Cucci is a victim of illegal government entrapment, English said. It was a government informant who, by "worming his way" into Cucci's life, persuaded him to do something he had no intention of doing and had never done before. And, English said, Cucci didn't plan to make any money from the deal.

"The government can't manufacture a crime" and then try to convict people for it, he said.

In one of the secretly tape-recorded conversations between the informant and Cucci, Cucci says, "I want you to know one thing, Bob, once this thing takes off, I'm not going to be involved.
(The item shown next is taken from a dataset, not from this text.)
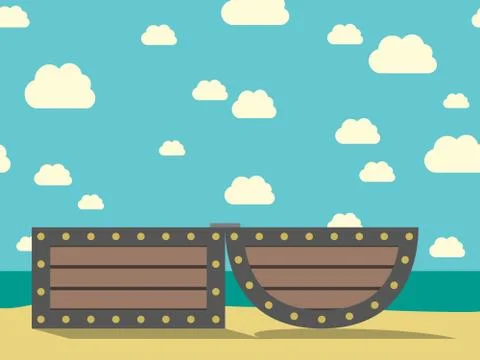 Open chest on beach Stock Illustration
I just do for you . . . . Once, you know, I do that, I wash my hands."

Hunter Smith, the assistant U.S. attorney directing the prosecution, told the jury the case is a simple conspiracy in which Cucci was the well-connected middleman who handled all the arrangements and price negotiations for a drug deal.

Cucci was so well-connected to people from New York City and Sicily that when the government informant talked about possible one- or two-kilogram cocaine deals Cucci told him, "You know, there's 50 there, a hundred if you want it," Smith said.

And, Smith said, Cucci told the undercover informant if anything went wrong the person he was dealing with was the type who would break his legs.

English said he will show that the government informant is a sleazy career drug dealer willing to do anything so the government will let him out of a 20-year drug sentence.

The informant, Robert Seidman, is a 51-year-old former Philadelphia gas station owner and car parts dealer who has been a lifelong failure at everything except his marriage, which has lasted 28 years.

Much of his life since 1969 has been lost in drug addiction and drug dealing, he admitted. However, Seidman said, his drug dealing days ended in 1990. That was eight years after he moved to West Virginia and was caught by federal and state drug agents.

Seidman then quickly agreed to work for the U.S. Drug Enforcement Administration as an informant. He still could get 20 years in prison, but was told he might get leniency for cooperation.

DEA agents soon sent Seidman out to get Cucci, who federal and Virginia authorities have suspected of organized crime involvement for the past 10 years.

Seidman told the jury how he started visiting Cucci's Covington restaurant regularly to strike up a friendship. But he said, he didn't really know how to get to Cucci until he learned Cucci was buying a Toyota dealership in Covington.

He said he had a Toyota and figured he could use that as a good way to stop in and talk with Cucci.

After several weeks of occasional conversations about everything from sex lives to washing dishes, Seidman decided on April 22 to see if Cucci would help him arrange a drug deal.

"I basically told him I'd been a dealer for 18 to 20 years and was looking for a local source and if he knew how I could obtain drugs," Seidman said.

He told the jury Cucci seemed unfazed by what he said. Cucci replied that drug dealing "wasn't his thing" but he "had a partner from Sicily that was handling that part of the business." And, Seidman testified, Cucci agreed to see if he could get them together.

On July 25, Cucci arranged the deal at his cabin near Covington. Seidman said he was only prepared to buy one kilo of cocaine, but the contact showed up with two. He paid $30,000 for one of the kilograms and agreed to pay the rest the next day.

He said he also paid Cucci $15,000 in cash for a car from Cucci's dealership.

Government prosecutors agree that Cucci tried to keep from being directly involved in the drug deal and repeatedly said he wanted no money from it. But they contend he stood to make a good profit by selling cars at $15,000 to Seidman and hiding the fact that it was drug profits.

Cucci was arrested shortly after the sale. And Joseph Corvello, 52, who is on trial with Cucci, was arrested by federal and state police at a roadblock on a bridge near Covington. Police found about $40,000 in a paper bag on Corvello's lap. An agent found $6,000 more when he pulled down the sun visor of Corvello's van and the money fell out. Much of the money was the prerecorded cash agents gave Seidman to use in the buy.

A search of Cucci's house turned up more than $16,000, some of it also used in the buy.